◆ TASK GOAL
From the line that contains "ETHNIC PT / BLACK" down to the last line of the listing below, reproduce each line exactly but not the pictures.
BEGIN DATA
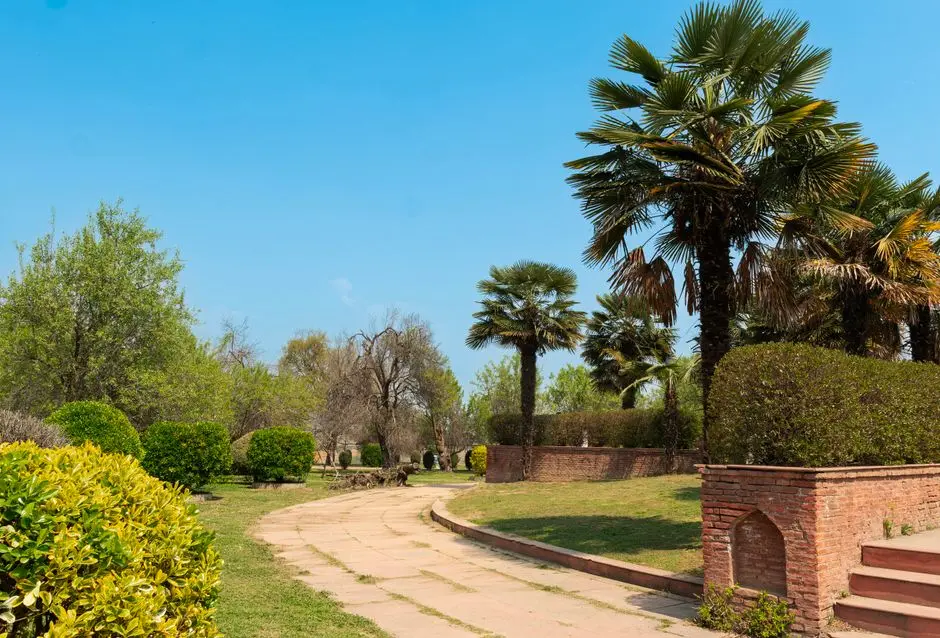 Greens & Outdoors at RUNWAL SOUTH MUMBAI, Breach Candy, Mumbai
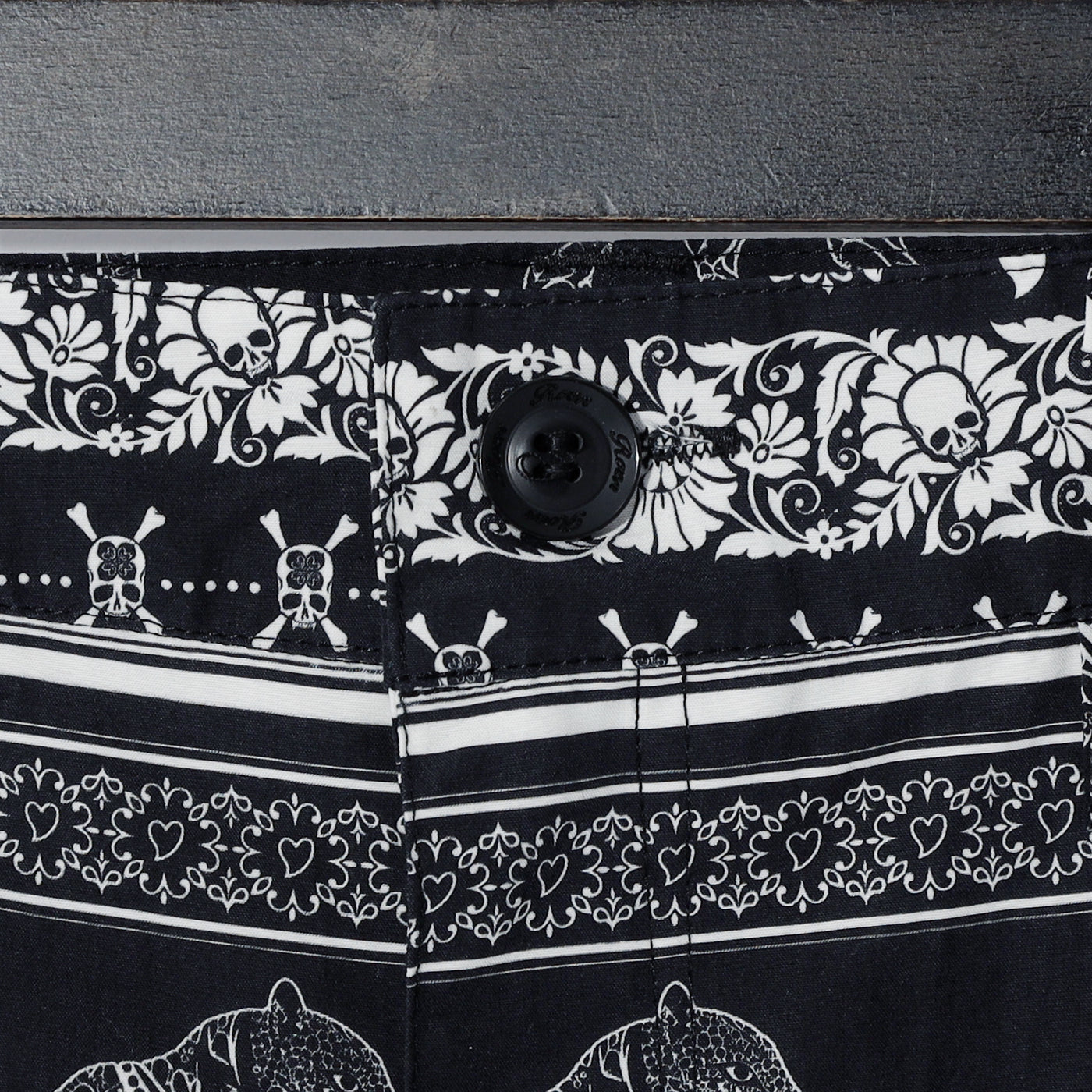 ETHNIC PT / BLACK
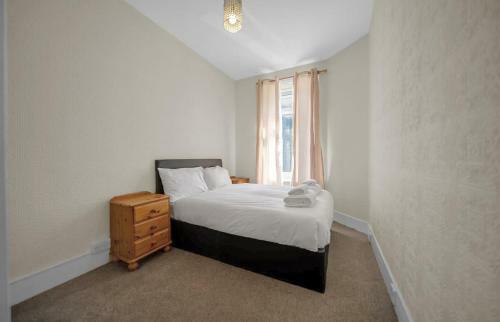 Apartamento Bright & Comfy Near City Center 2 Double Beds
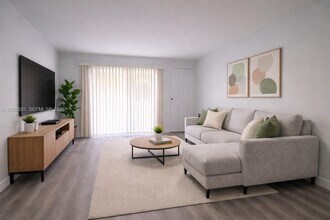 3251 NW 104th Ave in Coral Springs, FL - Building Photo - Building Photo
END DATA
◆ OUTPUT OF THE EXERCISE
 ETHNIC PT / BLACK
 Apartamento Bright & Comfy Near City Center 2 Double Beds
 3251 NW 104th Ave in Coral Springs, FL - Building Photo - Building Photo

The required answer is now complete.